[ABOUT THIS TASK]: Print the whole listing exactly as it appears, but skip the pictures.

[DATASET EXTRACT]:
------------------------------------------------------------------------

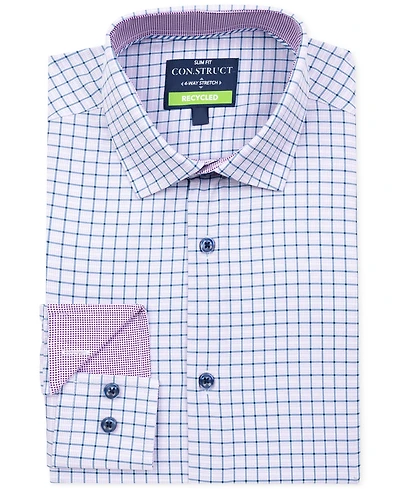Men's Slim Fit Square Plaid 4-Way Stretch Performance Dress Shirt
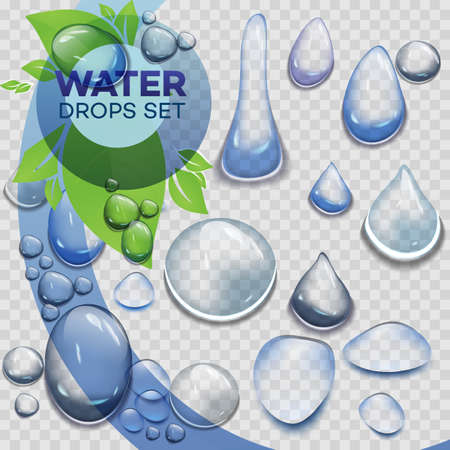 Water rain drops or steam shower isolated on transparent background. Realistic pure droplets condensed. Vector clear vapor water bubbles on window glass surface for your design.のイラスト素材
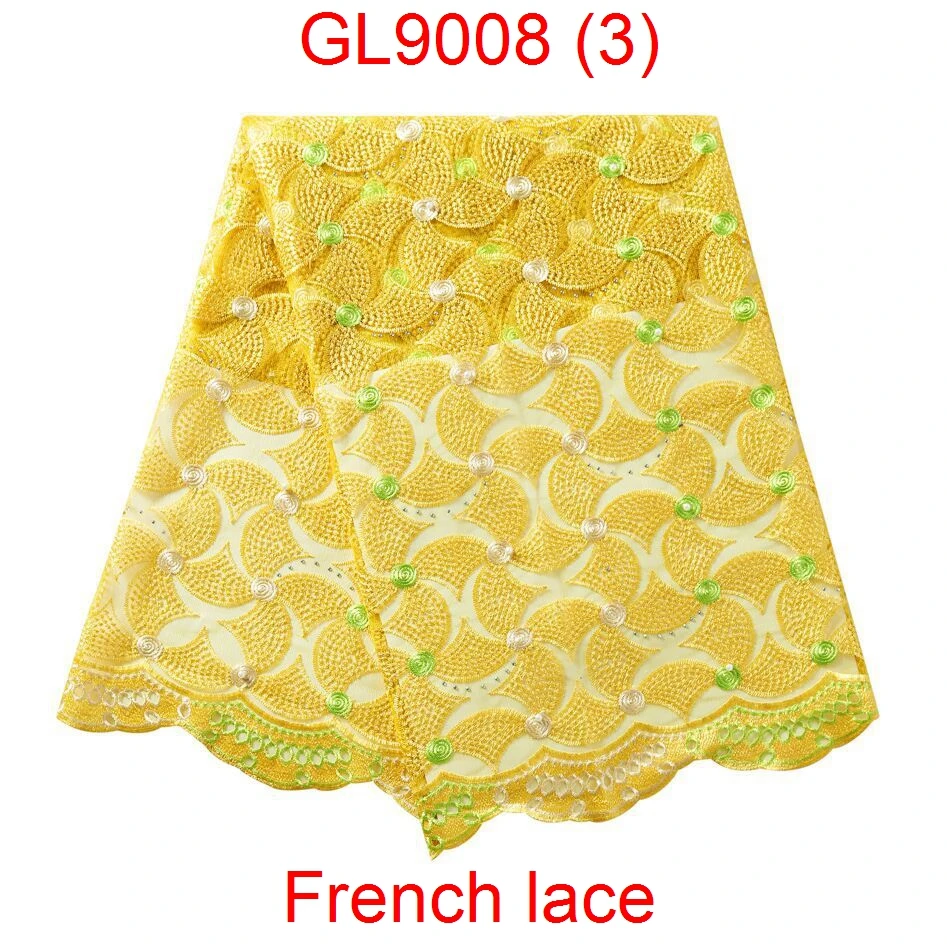 2019 African Laces Fabrics Embroidered Nigerian 3D Guipure French Cord Lace Fabric High-quality  African French Net Lace Fabric GL9008 (3)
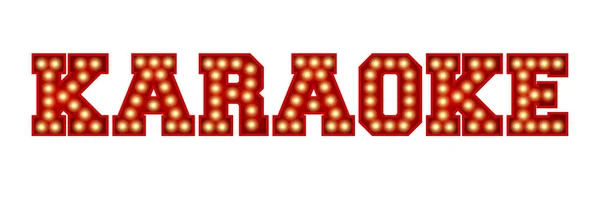 Karaoké mot fabriqué à partir de rouge vintage ampoule lettrage isolé — Photo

------------------------------------------------------------------------

[WRITTEN REPLY]:
Men's Slim Fit Square Plaid 4-Way Stretch Performance Dress Shirt
 Water rain drops or steam shower isolated on transparent background. Realistic pure droplets condensed. Vector clear vapor water bubbles on window glass surface for your design.のイラスト素材
 2019 African Laces Fabrics Embroidered Nigerian 3D Guipure French Cord Lace Fabric High-quality  African French Net Lace Fabric GL9008 (3)
 Karaoké mot fabriqué à partir de rouge vintage ampoule lettrage isolé — Photo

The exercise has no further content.